Yes, sometimes unions make mistakes, and some union members are lazy. But who hasn't worked at a non-union shop and seen lazy people who manage to keep their jobs.
Enron. Worldcom. Bear Sterns. Morgan Stanley. AIG. CitiGroup. Big companies that probably managed to lose a trillion dollars between them. Therefore, big companies are bad, will never work, and should be eliminated. Hey, it's the same tired argument that get's used against unions.
Unions haven't driven a single job overseas. Not one. You can blame executive greed and "free" trade for that.
No, union workers in Detroit do *not* earn $71 an hour. That figure is a lie, created by adding up all the compensation paid to current workers and the benefit costs to retired members, and dividing that by the current number of workers.
You work hard, you get rewarded. That's how it's supposed to work in this country. Yet if the minimum wage had increased at the same rate as the rise in productivity from the American worker, it would be $19 an hour today.
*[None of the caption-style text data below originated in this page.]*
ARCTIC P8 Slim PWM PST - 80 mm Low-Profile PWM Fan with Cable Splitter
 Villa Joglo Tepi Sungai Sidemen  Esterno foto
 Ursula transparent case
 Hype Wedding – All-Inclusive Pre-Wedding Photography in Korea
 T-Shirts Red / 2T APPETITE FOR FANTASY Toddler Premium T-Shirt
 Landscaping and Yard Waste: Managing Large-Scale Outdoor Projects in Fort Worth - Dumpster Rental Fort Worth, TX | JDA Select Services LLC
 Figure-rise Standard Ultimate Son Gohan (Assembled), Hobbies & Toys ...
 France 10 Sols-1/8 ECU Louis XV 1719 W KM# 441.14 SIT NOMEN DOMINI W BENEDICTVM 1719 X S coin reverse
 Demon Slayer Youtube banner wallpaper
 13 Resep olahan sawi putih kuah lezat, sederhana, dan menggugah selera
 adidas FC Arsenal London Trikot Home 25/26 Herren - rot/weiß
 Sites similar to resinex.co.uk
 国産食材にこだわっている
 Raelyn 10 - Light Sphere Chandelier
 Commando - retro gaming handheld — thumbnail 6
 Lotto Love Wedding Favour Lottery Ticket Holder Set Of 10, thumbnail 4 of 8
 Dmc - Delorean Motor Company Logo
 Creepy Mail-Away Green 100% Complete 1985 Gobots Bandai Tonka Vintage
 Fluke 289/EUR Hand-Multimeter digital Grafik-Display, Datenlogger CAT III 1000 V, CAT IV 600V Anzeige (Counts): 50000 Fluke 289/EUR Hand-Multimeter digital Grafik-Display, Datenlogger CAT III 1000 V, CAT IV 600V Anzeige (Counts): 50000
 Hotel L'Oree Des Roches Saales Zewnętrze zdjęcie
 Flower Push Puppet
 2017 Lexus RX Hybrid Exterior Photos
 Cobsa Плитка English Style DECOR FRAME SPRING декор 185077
If it had increased at the same rate as CEO compensation, it would be over $50 today.
Union workers make at least 11% more in compensation, have more vacation time, have *much* better health benefits, and have much greater job security than non-union workers. You may think you can do a better job negotiating alone, but it's simply not going to be the case. Unless...
Finally, say you really are the hot shit you think you are, AND ignore point #2 above. If you really are 10x as smart and work 10x as hard as the next guy, you don't want to be a worker bee in any case - you want to be in upper management, where union rules don't apply.
I worked b2b IT cold-calling in the UK too (you aren't based just outside Reading by any chance?), it was the most soul-destroying job I've ever had! All that mattered was the number of calls you made that day, the number of potential opportunities you made and the number you closed. The bosses cared absolutely nothing about how you were doing outside those stats.
I spent all day manipulating people down the phone till I got to talk to the head of the IT department, then trying to manipulate him into buying whatever crap I was selling that day. Whilst some people are happy to do their job and take home their pay check, I prefer to have something for my mind to work on. I couldn't take the mind-numbing boredom of it all in the end and soon quit to go travelling. When I came back I got a proper IT job and it's been a dream! There's little direct repetition, I get to work on interesting projects a lot of the time and most of all I don't have any hard and fast targets foisted on me (like make X number of calls per day).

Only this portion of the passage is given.